PETROLIO FACILE – Subito dopo l’11 settembre 2001, molti analisti avevano predetto la fine del «petrolio facile» e che il greggio sarebbe presto arrivato a 200 dollari al barile anche per la forte domanda in arrivo da Cina e India. Ma non avevano tenuto conto della tecnologia: per esempio al largo del Brasile sono stati perforati pozzi attraverso depositi salini, nel Golfo del Messico sono stati raggiunti giacimenti a centinaia di chilometri dalla costa dove prima le piattaforme non potevano arrivare, navi superspecializzate possono restare in mare per mesi e trivellare pozzi fino a 8 chilometri di profondità. Senza contare le prospezioni in nuove aree, come le coste atlantiche africane e la tecnologia delle fratture idrauliche che consentono di recuperare notevoli quantità di greggio dagli argilloscisti bituminosi.

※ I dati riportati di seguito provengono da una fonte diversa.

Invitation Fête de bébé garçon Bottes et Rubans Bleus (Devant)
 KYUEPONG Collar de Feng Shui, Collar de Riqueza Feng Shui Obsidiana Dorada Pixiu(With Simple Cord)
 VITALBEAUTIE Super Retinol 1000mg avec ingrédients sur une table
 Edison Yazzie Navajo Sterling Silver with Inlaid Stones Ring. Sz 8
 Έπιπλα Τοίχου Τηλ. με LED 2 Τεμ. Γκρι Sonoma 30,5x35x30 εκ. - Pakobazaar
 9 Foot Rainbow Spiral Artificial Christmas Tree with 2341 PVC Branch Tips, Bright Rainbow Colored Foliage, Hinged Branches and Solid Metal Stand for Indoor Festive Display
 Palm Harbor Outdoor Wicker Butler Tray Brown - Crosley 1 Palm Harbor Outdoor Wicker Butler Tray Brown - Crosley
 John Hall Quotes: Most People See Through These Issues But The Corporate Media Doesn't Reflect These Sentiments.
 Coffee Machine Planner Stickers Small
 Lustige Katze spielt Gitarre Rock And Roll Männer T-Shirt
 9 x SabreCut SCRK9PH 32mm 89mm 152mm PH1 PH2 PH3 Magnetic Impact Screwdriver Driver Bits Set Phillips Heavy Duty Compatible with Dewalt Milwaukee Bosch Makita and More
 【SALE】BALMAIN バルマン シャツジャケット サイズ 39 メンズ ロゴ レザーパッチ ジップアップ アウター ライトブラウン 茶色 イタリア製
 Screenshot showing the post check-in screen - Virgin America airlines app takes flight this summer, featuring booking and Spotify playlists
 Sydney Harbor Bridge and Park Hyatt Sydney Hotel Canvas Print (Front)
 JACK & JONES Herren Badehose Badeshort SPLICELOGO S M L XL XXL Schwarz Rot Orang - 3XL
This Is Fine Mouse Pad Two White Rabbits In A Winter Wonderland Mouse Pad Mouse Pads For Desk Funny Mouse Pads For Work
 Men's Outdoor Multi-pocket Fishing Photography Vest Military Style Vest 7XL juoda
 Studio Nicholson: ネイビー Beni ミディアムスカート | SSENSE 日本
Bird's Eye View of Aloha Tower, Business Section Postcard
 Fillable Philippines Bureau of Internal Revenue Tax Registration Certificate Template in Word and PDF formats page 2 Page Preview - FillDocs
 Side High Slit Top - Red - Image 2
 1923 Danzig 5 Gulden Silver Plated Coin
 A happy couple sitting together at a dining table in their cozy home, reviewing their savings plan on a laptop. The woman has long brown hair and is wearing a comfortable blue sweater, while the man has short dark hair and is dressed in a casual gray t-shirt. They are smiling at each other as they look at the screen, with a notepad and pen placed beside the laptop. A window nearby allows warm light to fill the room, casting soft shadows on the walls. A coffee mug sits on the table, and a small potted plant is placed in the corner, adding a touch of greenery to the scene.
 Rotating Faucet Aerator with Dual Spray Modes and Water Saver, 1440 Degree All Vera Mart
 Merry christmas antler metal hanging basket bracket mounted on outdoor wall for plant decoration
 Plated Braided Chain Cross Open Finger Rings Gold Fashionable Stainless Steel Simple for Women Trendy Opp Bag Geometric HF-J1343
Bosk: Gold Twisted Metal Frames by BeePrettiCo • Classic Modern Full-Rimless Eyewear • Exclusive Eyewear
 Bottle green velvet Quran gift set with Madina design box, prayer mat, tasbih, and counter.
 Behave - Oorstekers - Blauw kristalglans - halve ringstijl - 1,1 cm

PREZZO – Le previsioni più fosche sembravano averarsi quando nel luglio 2008 il petrolio raggiunse il prezzo record di 147,27 dollari al barile. Da allora, nonostante le ripetute crisi, tra le quali l’ultima dell’embargo petrolifero in Iran, il prezzo del petrolio è calato e ora si aggira intorno ai 100 dollari: il 40-50% in meno di quattro anni fa.